Live verification record
Latest local verification: 2026-05-09.
| Scope | Command or case | Result | Notes |
|---|---|---|---|
| Claude visual transport | claude-subscription-streaming |
passed | Real Claude CLI stream-json run answered red for generated PNG. |
| Claude multi-image transport | claude-subscription-streaming-multi-image |
passed | Real Claude CLI stream-json run received three generated PNGs and answered red from extracted assistant text. |
| Codex visual transport | codex-native-gpt-5-4-mini |
passed | Real Codex native --image run answered red for generated PNG. |
| Codex multi-image transport | codex-native-gpt-5-4-mini-multi-image |
passed | Real Codex native run received three repeated --image args and answered red from extracted assistant text. |
| OpenCode OpenAI visual transport | opencode-openai-gpt-5-4-mini |
passed | Real OpenCode file attachment run answered red after local OpenCode OpenAI auth was refreshed. |
| OpenRouter Kimi visual transport | opencode-openrouter-kimi-k2-6 |
passed | Real OpenCode file attachment run through OpenRouter answered red for generated PNG. |
| OpenRouter Kimi multi-image transport | opencode-openrouter-kimi-k2-6-multi-image |
passed | Real OpenCode file attachment run through OpenRouter received three generated PNGs and answered red from extracted assistant text. |
| OpenRouter GLM vision transport | opencode-openrouter-glm-4-5v |
passed | Real OpenCode file attachment run through OpenRouter answered red for generated PNG. |
| OpenRouter GLM non-vision guard | opencode-openrouter-glm-5-1-negative |
passed as guard | Model responded that it cannot process images. The app policy blocks this model for image attachments before app delivery. |
| CLI process launch | scripts/prove-agent-cli-launch.mjs |
passed | Real opencode, codex, and claude binaries launched through execCli and spawnCli. |
| OpenCode team provisioning | scripts/prove-opencode-team-provisioning.mjs with OPENCODE_E2E_MODEL=openai/gpt-5.4-mini |
passed | Real pure OpenCode team created through TeamProvisioningService, live members verified, then stopped. |
| Mixed Anthropic + Codex + OpenCode team launch | MixedProviderTeamLaunch.live.test.ts |
passed | Real mixed team launch passed with Claude subscription auth, Codex subscription auth, and OpenCode. |
--all can return non-zero when local provider auth is invalidated. Treat the per-case rows above as the release signal when debugging local credential issues.
Release checklist
- Text-only messages still work for Claude, Codex, and OpenCode.

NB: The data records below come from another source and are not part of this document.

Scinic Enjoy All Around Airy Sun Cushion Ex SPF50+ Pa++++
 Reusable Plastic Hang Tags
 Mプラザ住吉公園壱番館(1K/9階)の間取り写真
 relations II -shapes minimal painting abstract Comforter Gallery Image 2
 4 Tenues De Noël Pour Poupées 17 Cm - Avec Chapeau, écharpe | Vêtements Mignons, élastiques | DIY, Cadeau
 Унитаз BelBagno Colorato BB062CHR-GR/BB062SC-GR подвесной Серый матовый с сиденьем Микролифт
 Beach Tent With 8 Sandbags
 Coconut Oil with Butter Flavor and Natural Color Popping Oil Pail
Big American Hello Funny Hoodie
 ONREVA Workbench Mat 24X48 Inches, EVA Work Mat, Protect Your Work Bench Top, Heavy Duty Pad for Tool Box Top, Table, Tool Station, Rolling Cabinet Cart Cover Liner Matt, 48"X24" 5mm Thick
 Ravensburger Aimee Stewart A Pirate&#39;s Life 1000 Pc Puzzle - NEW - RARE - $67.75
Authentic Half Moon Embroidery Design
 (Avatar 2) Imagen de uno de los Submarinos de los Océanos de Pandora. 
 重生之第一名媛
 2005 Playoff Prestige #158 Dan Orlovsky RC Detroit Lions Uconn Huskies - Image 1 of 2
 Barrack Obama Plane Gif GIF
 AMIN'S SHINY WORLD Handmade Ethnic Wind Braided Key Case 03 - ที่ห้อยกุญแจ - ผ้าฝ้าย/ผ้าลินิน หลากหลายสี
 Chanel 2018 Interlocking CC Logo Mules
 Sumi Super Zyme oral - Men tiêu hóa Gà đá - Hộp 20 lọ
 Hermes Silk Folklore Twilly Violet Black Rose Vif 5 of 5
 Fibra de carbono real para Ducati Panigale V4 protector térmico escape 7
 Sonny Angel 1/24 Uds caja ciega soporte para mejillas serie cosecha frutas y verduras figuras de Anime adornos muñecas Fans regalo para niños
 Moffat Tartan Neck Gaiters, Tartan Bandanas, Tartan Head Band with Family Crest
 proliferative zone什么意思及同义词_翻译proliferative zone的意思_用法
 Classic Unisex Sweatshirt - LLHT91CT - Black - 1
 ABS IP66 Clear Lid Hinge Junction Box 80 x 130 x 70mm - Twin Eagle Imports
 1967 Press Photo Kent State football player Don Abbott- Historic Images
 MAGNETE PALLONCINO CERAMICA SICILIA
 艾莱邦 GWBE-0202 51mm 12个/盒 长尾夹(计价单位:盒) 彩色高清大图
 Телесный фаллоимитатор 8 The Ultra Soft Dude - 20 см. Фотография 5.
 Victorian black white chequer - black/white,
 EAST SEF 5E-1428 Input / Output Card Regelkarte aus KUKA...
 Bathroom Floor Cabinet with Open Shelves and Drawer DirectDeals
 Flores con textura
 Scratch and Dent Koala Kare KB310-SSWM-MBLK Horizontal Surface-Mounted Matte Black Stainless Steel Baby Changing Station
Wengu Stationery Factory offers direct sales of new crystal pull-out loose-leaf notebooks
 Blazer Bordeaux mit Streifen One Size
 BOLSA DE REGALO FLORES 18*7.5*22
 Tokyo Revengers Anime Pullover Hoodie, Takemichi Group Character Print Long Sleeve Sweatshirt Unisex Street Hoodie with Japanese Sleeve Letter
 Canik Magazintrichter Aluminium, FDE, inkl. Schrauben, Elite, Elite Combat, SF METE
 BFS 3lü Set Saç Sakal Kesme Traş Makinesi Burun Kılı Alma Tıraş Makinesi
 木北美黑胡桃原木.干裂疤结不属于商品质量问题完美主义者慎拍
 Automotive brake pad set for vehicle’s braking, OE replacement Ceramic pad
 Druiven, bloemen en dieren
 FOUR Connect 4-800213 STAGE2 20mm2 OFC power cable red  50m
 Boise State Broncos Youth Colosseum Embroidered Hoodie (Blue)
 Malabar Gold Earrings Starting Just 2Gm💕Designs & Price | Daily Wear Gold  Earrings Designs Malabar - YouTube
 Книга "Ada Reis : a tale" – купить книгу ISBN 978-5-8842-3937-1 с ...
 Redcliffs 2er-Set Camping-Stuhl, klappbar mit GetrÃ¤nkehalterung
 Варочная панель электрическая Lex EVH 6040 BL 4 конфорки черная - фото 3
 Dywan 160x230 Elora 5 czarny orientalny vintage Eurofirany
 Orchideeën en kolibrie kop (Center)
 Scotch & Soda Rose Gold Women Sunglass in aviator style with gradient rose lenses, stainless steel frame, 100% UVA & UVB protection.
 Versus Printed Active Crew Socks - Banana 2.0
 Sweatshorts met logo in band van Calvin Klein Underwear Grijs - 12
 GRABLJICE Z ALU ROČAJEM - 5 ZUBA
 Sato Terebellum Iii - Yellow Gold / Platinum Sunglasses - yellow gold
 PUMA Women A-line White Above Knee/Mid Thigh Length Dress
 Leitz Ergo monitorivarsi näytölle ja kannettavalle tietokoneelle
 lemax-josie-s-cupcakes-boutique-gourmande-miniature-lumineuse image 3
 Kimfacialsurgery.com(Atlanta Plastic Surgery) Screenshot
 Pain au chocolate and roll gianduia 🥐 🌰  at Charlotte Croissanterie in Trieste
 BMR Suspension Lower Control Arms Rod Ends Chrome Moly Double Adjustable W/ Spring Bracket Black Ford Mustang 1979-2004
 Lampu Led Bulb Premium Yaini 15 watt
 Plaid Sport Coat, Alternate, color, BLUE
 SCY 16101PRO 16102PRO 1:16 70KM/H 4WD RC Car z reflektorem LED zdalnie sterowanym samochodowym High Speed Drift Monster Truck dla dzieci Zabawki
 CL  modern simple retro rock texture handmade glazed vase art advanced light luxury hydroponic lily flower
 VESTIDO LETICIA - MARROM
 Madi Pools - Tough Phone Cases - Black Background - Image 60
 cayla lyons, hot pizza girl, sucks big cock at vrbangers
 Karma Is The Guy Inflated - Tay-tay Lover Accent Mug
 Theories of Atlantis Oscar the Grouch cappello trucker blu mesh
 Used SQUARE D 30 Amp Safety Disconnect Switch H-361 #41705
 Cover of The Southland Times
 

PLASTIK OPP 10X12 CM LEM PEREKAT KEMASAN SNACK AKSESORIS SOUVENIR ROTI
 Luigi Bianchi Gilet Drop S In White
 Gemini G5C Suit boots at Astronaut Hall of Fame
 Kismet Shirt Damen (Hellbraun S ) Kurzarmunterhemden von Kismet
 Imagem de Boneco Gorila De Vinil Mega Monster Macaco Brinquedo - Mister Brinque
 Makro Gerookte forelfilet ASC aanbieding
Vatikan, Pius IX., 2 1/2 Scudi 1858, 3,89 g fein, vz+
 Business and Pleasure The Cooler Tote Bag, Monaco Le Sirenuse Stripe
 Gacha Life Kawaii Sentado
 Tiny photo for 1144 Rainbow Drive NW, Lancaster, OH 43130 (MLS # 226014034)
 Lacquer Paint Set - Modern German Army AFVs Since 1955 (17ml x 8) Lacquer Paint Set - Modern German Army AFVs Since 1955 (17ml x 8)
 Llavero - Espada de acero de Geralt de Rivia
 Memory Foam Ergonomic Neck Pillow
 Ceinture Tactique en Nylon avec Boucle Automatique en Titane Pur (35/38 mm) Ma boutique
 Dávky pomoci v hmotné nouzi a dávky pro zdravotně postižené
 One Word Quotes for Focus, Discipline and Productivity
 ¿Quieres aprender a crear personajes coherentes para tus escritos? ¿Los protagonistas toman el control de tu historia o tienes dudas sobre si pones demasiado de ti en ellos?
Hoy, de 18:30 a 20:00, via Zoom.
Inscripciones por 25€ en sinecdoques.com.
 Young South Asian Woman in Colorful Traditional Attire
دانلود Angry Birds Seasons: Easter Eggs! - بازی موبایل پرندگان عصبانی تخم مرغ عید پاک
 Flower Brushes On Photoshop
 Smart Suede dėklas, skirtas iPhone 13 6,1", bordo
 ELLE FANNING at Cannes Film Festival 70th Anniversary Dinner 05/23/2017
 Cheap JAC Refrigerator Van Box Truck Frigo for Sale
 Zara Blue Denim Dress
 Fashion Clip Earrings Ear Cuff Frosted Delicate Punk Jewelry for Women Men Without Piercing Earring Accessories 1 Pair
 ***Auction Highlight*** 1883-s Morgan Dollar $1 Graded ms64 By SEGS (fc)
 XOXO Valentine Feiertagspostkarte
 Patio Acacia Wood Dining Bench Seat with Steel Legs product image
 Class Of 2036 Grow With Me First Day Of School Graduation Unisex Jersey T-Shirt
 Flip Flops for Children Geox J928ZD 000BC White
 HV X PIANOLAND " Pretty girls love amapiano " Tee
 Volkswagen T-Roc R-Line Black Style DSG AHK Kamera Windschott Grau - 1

- Oversized images fail before provider delivery.
- Claude image send uses structured image blocks.
- Claude text/PDF file send uses structured document blocks.
- Codex image send uses
--image, not prompt base64. - Codex non-image files fail before provider delivery.
- OpenCode image send is blocked for unknown/non-vision models.
- OpenCode non-image files fail before provider delivery.
- Attachment retry reuses the same artifacts or fails loudly.
- Copied diagnostics do not include base64 or data URLs.